If you’re still coaching based on “how you think a rep is doing,” you’re setting both of you up to fail.

Virtual environments produce tons of usable data—call times, email opens, meeting-to-close ratios, and more. Lean into this! One of the best Virtual Sales Coaching Techniques is data-driven coaching. Let the numbers guide the conversation, but don’t forget the story behind them.

If someone’s close rate is low, dig into why. Is it a discovery issue? Lack of objection handling? Weak value messaging? From there, you can apply Effective Sales Strategies that target those specific areas.

DO: Use Real-Time Feedback Loops

In a remote environment, waiting until the end of the quarter to give feedback is too late.

Great virtual coaches use real-time feedback as a tool for growth.

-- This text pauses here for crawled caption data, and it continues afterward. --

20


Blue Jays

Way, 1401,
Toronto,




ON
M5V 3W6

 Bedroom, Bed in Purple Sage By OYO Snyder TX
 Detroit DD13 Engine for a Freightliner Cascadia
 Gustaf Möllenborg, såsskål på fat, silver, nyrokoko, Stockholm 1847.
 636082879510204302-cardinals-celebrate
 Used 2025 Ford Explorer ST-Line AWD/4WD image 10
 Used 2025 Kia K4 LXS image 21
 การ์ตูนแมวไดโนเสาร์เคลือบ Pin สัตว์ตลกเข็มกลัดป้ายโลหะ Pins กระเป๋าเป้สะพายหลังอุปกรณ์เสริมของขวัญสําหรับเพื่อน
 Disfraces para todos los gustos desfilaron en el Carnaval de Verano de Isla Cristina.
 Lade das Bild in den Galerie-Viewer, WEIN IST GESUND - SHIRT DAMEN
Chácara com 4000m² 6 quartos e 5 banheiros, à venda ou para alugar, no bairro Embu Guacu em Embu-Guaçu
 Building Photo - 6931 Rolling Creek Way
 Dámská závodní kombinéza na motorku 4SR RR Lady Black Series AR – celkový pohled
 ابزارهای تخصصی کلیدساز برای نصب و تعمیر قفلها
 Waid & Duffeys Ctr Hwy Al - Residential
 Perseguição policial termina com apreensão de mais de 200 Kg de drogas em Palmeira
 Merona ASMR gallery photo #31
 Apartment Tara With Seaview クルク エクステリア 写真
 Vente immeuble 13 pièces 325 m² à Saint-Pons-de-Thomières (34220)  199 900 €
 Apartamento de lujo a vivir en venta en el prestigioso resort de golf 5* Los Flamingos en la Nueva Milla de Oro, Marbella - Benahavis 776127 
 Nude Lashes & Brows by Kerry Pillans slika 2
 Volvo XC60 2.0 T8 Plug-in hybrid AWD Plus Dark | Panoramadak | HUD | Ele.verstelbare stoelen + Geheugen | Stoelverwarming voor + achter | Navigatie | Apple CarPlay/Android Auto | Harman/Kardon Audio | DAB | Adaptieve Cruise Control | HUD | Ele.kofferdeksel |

Use call recordings, live demos, or even Slack and CRM interactions to spot coaching moments.

Feedback should be:

  • Timely
  • Specific
  • Actionable

For example: “I noticed on your last demo that you jumped into product features before asking about the client’s goals. Let’s focus on leading with discovery next time.”

This isn’t micromanaging—it’s one of the most powerful Virtual Sales Coaching Techniques that leads directly to behavioral change and long-term performance gains.

DON’T: Coach Every Rep the Same Way

Virtual coaching gives you the freedom to be more personalized—don’t waste it by treating everyone the same.

Just like in sports, different players respond to different coaching styles. Some need detailed playbooks; others just need the freedom to execute. That’s where adaptive coaching comes in.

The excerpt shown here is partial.